• _Exercise objective_: An exact reproduction is needed of every line from the beginning of the data down to and including the line that contains "5 March 2026;", minus the pictures.

• _Supplied data_:
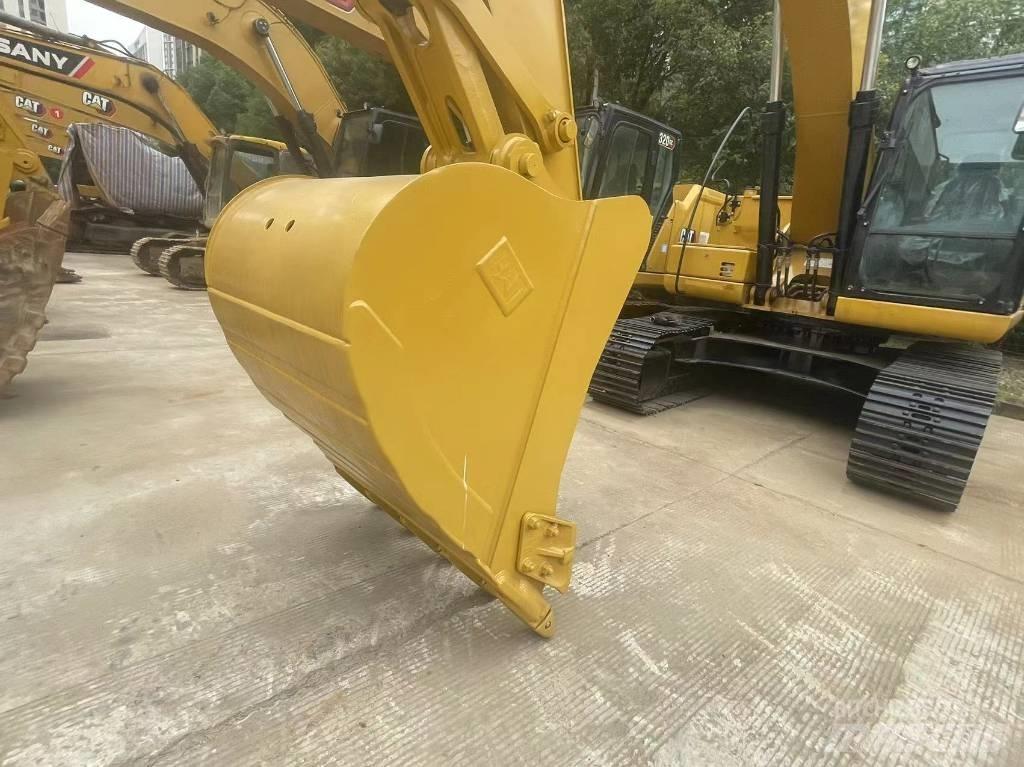CAT 2021 CAT 323Gx حفارات بعجل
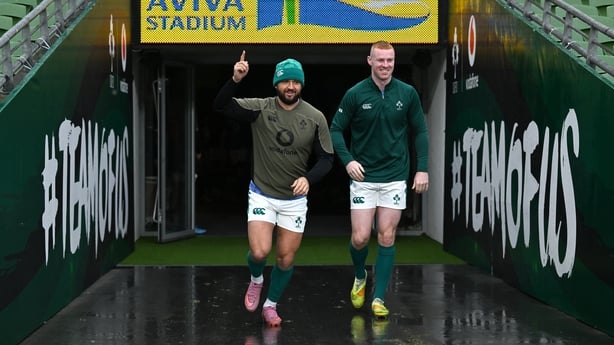 5 March 2026; Jamison Gibson-Park, left, and Nathan Doak make their way onto the pitch for the Ireland Rugby squad captain's run at the Aviva Stadium in Dublin. Photo by Brendan Moran/Sportsfile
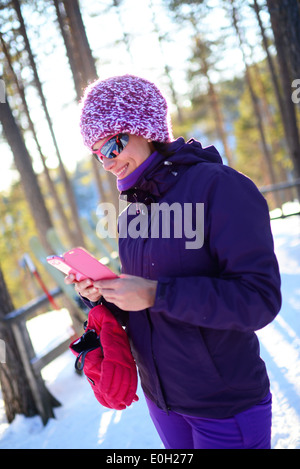 Junge attraktive Frau mit Mobiltelefon im Skigebiet pyhä, Lappland Stockfoto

• _Task solution_:
CAT 2021 CAT 323Gx حفارات بعجل
 5 March 2026; Jamison Gibson-Park, left, and Nathan Doak make their way onto the pitch for the Ireland Rugby squad captain's run at the Aviva Stadium in Dublin. Photo by Brendan Moran/Sportsfile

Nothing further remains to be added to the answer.